Phase the Fourth: The Consequence: Chapters 25–30

Angel has turned a new corner in his life, feeling that he belongs on the dairy as a farmer and that Tess is the right choice as a wife. Angel leaves the dairy to visit his family and to tell his parents about Tess. Angel’s brothers, Felix and Cuthbert, disapprove of Angel marrying Tess but do little to discourage him. His parents had intended Angel to marry Miss Mercy Chant, a real “lady” and local teacher. Angel is against the union and proposes to his parents that Tess Durbeyfield would be a much better choice.

Angel and his father debate the merits of Mercy and Tess as suitable wives for a farmer. Angel’s wishes win out with his father’s concern expressed by his question, “Is she of a family such as you would care to marry into—a lady, in short?” His parents warn Angel not to rush into a hasty marriage with an unknown woman, but his descriptions of her are enough. Reverend Clare relates a story of a convert, one Alec d’Urberville, who has become a lay minister and street preacher.

Angel returns to the dairy and asks Tess to marry him. Tess says that she cannot. Angel persists, not being too aggressive in his tactics to convince Tess, but she insists, “I am not good enough—not worthy enough.” Alone, Tess wonders why her past has not caught up to her at Talbothays, and she feels both “positive pleasure and positive pain” as she wrestles with her feelings for Angel and the past that is bound to catch up to her.

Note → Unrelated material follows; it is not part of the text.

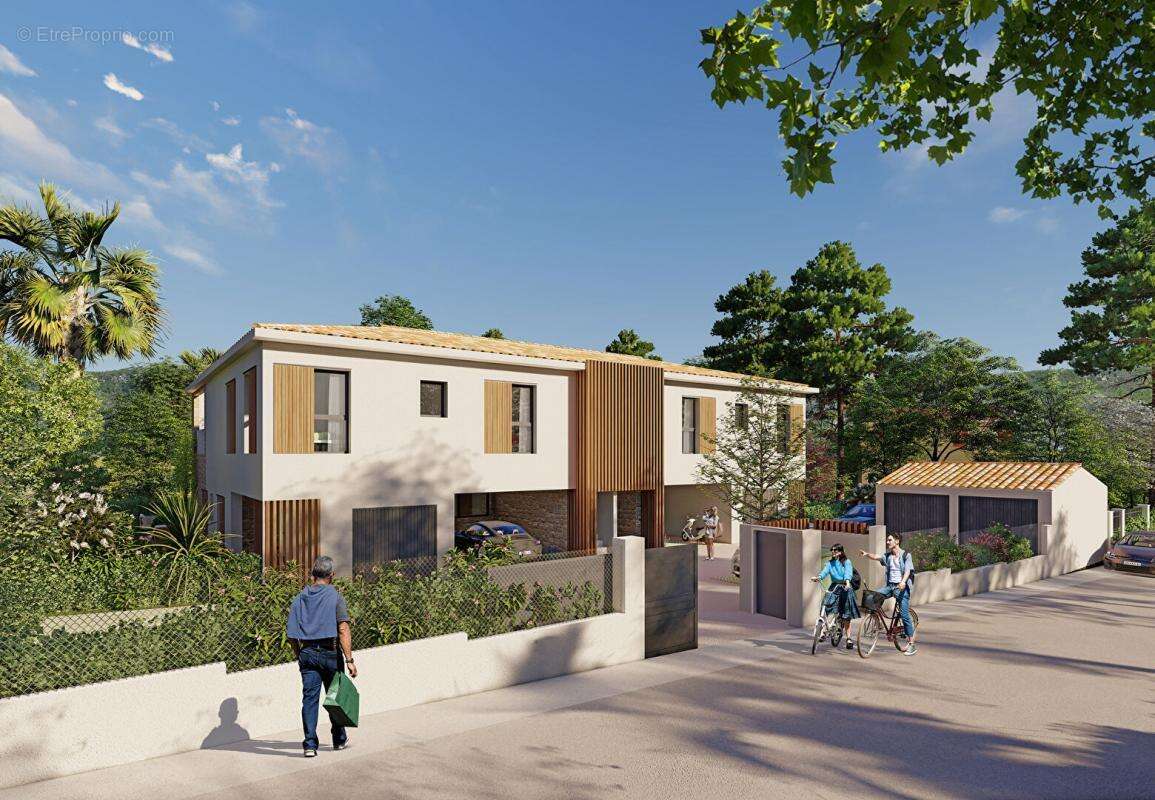 Appartement à SAINT-CYR-SUR-MER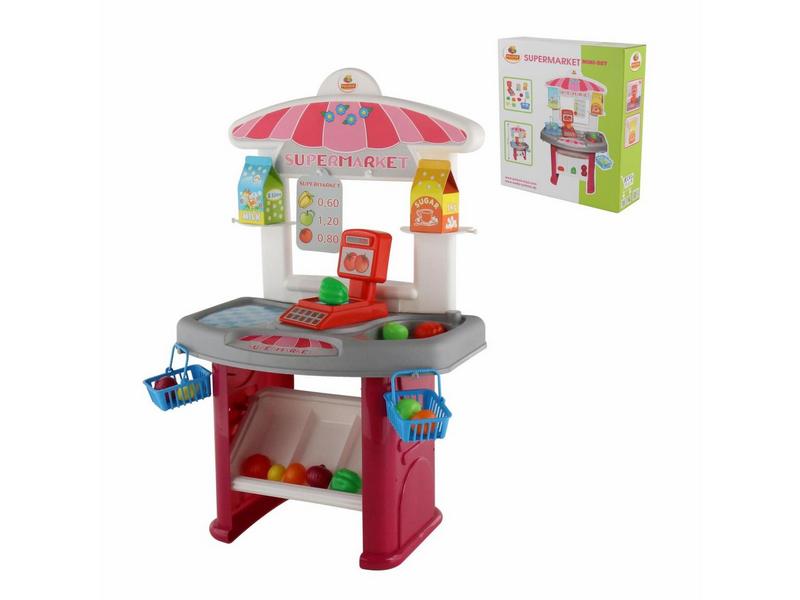 Набор-мини "Супермаркет" в коробке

She resolves to give in to Angel’s proposal: “I shall give way—I shall say yes—I shall let myself marry him—I cannot help it.”

Tess rethinks her position, even suggesting that any of the other milkmaids would be worthy wives for Angel. Angel refuses Tess’ suggestions, and when Mr. Crick needs a volunteer to drive the milk, now late for delivery, straight to the train station in Egdon Heath, Angel volunteers, and Tess goes along for the ride. It is during this ride, in a downpour of rain, that Angel learns that Tess comes from the d’Urberville family. He suggests that she adopt the “d’Urberville” spelling, and he quells her fears about his hating “old families.”

Relieved, Tess accepts Angel’s marriage proposal if “it is sure to make you happy to have me as your wife and you feel that you wish to marry me, very, very much … .” Then Tess kisses Angel, and he discovers “what an impassioned woman’s kisses were like upon the lips of one whom she loved with all her heart and soul, as Tess loved him.”

Tess insists that she write her mother in Marlott, and Angel then remembers that day four years earlier, during the May Dance, that he had seen Tess but had not danced with her.